Retype the line where "diego-costa_20170814_192249.jpg" appears and each line that follows it down to the last line of the records below. Leave the pictures out.

+ + +

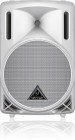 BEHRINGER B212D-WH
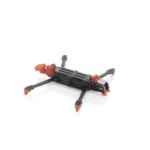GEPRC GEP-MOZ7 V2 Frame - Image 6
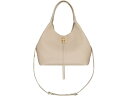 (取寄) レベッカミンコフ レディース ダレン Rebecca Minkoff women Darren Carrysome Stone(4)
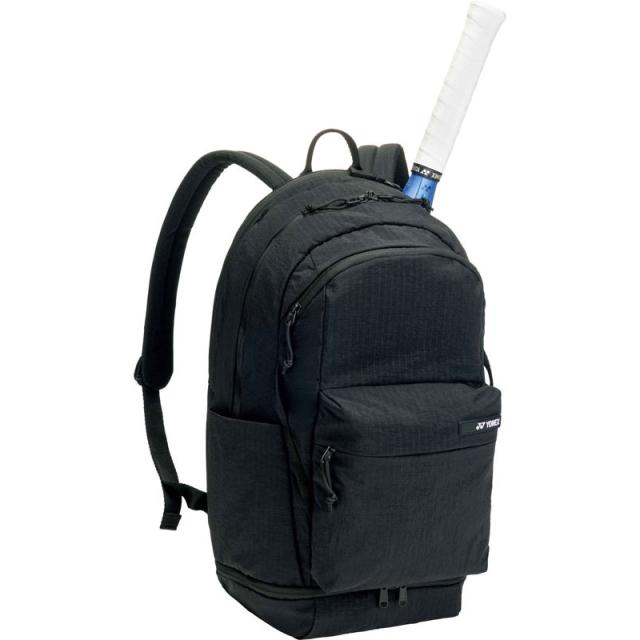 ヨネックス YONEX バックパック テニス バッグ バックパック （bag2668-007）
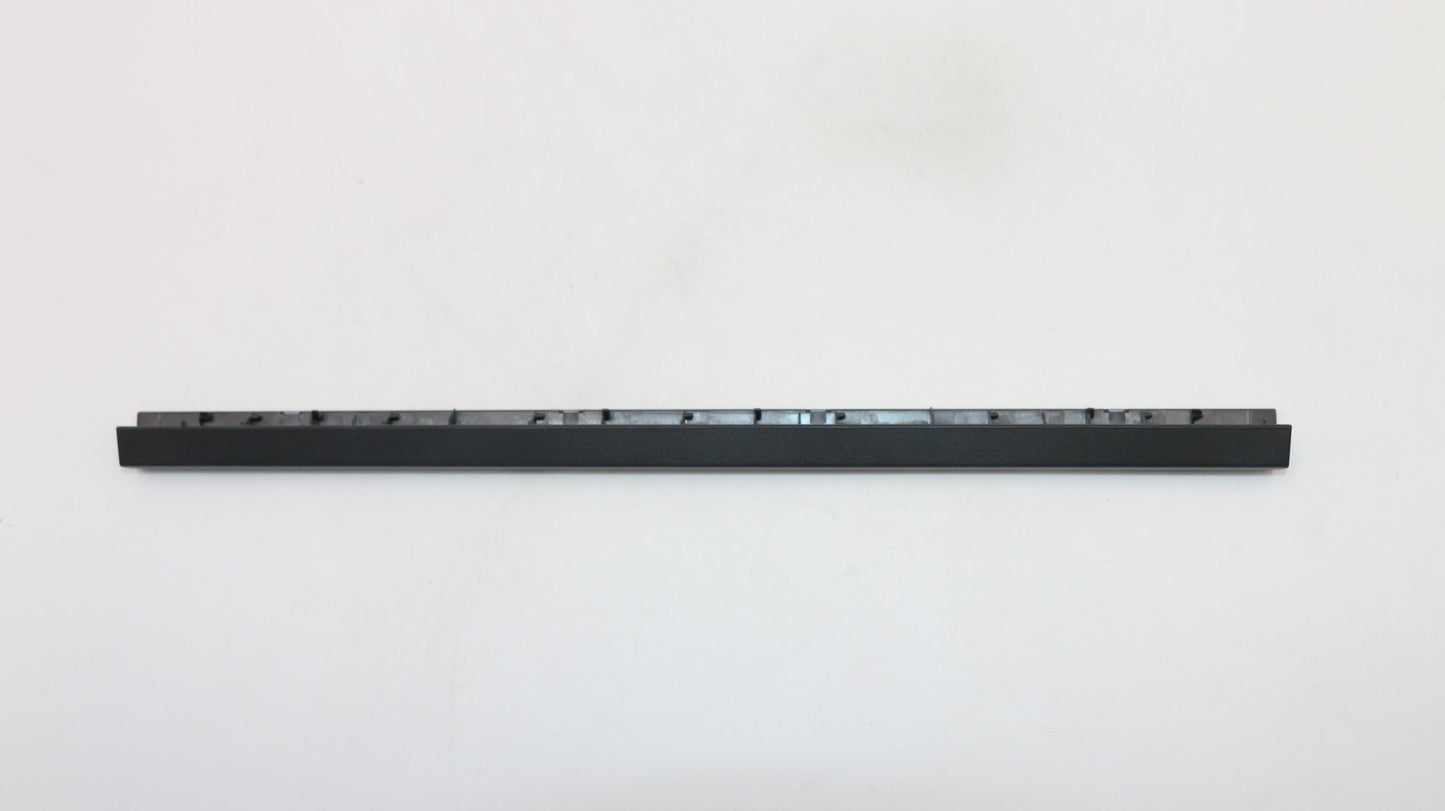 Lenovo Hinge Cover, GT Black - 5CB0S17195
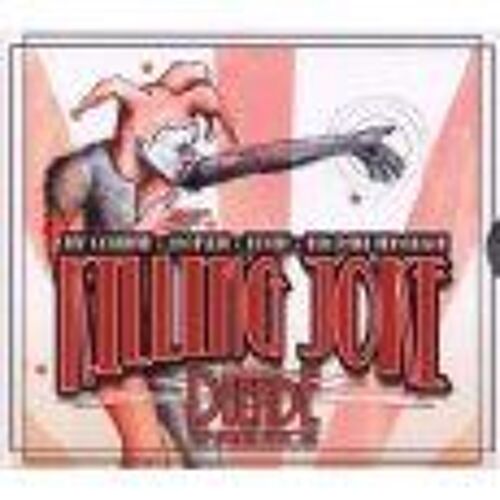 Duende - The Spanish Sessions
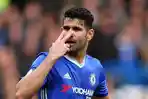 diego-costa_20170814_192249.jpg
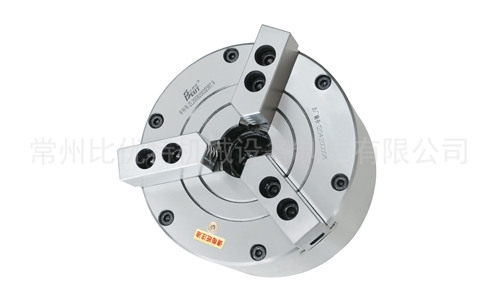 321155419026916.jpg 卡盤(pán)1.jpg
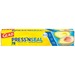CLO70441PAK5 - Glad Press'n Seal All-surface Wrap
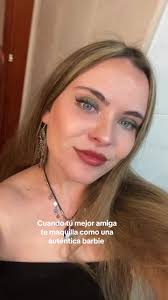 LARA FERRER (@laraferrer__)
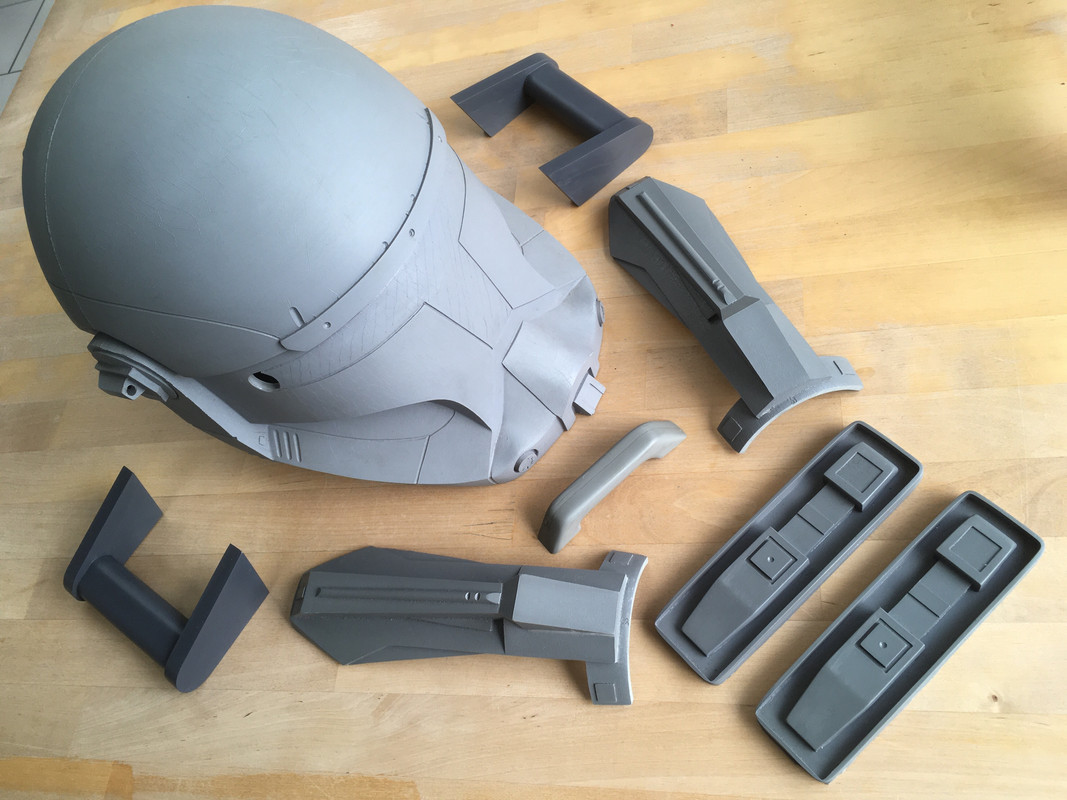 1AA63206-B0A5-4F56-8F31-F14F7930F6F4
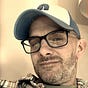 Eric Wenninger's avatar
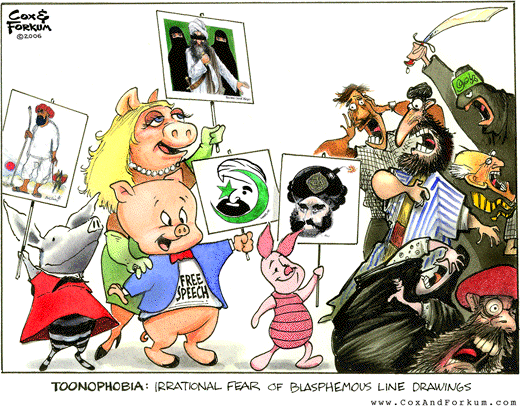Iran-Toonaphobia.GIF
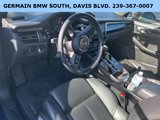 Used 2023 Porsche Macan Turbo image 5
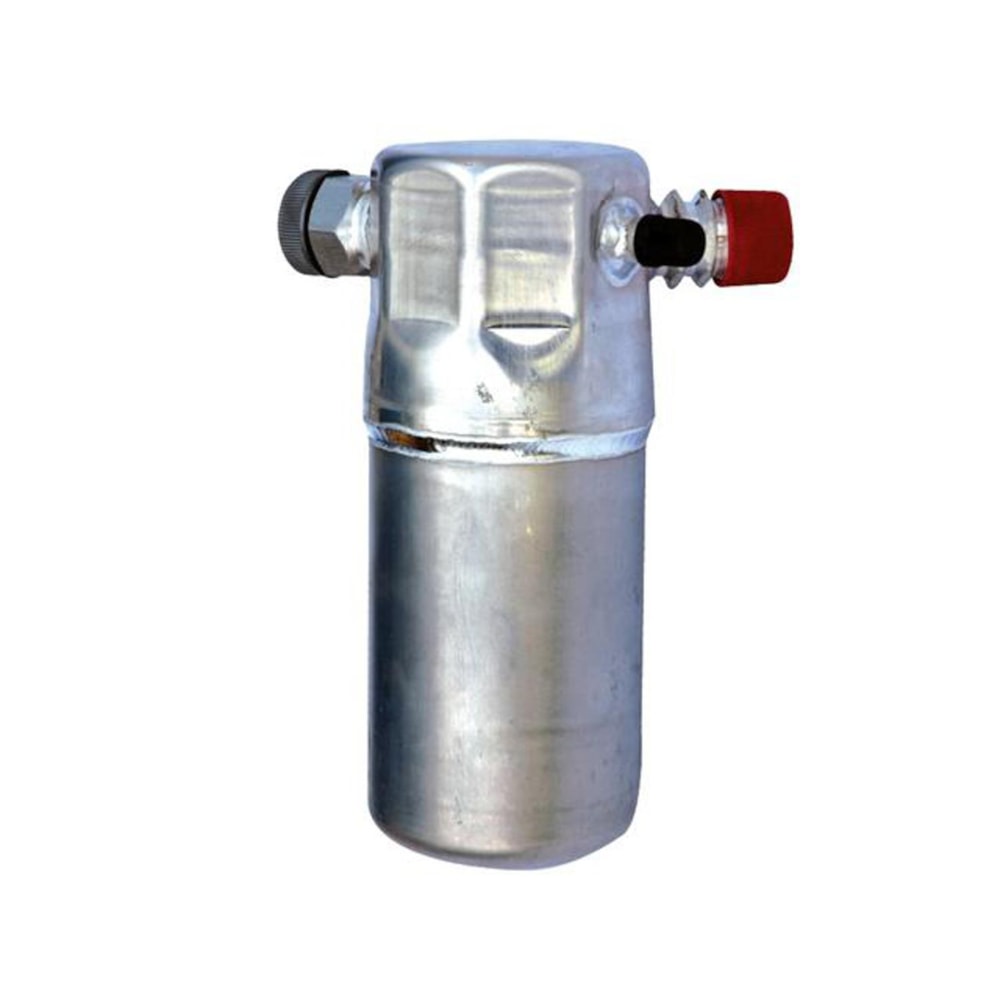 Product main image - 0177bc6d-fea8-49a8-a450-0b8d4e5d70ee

+ + +

The answer:
 diego-costa_20170814_192249.jpg
 321155419026916.jpg 卡盤(pán)1.jpg
CLO70441PAK5 - Glad Press'n Seal All-surface Wrap
 LARA FERRER (@laraferrer__)
 1AA63206-B0A5-4F56-8F31-F14F7930F6F4
 Eric Wenninger's avatar
Iran-Toonaphobia.GIF
 Used 2023 Porsche Macan Turbo image 5
 Product main image - 0177bc6d-fea8-49a8-a450-0b8d4e5d70ee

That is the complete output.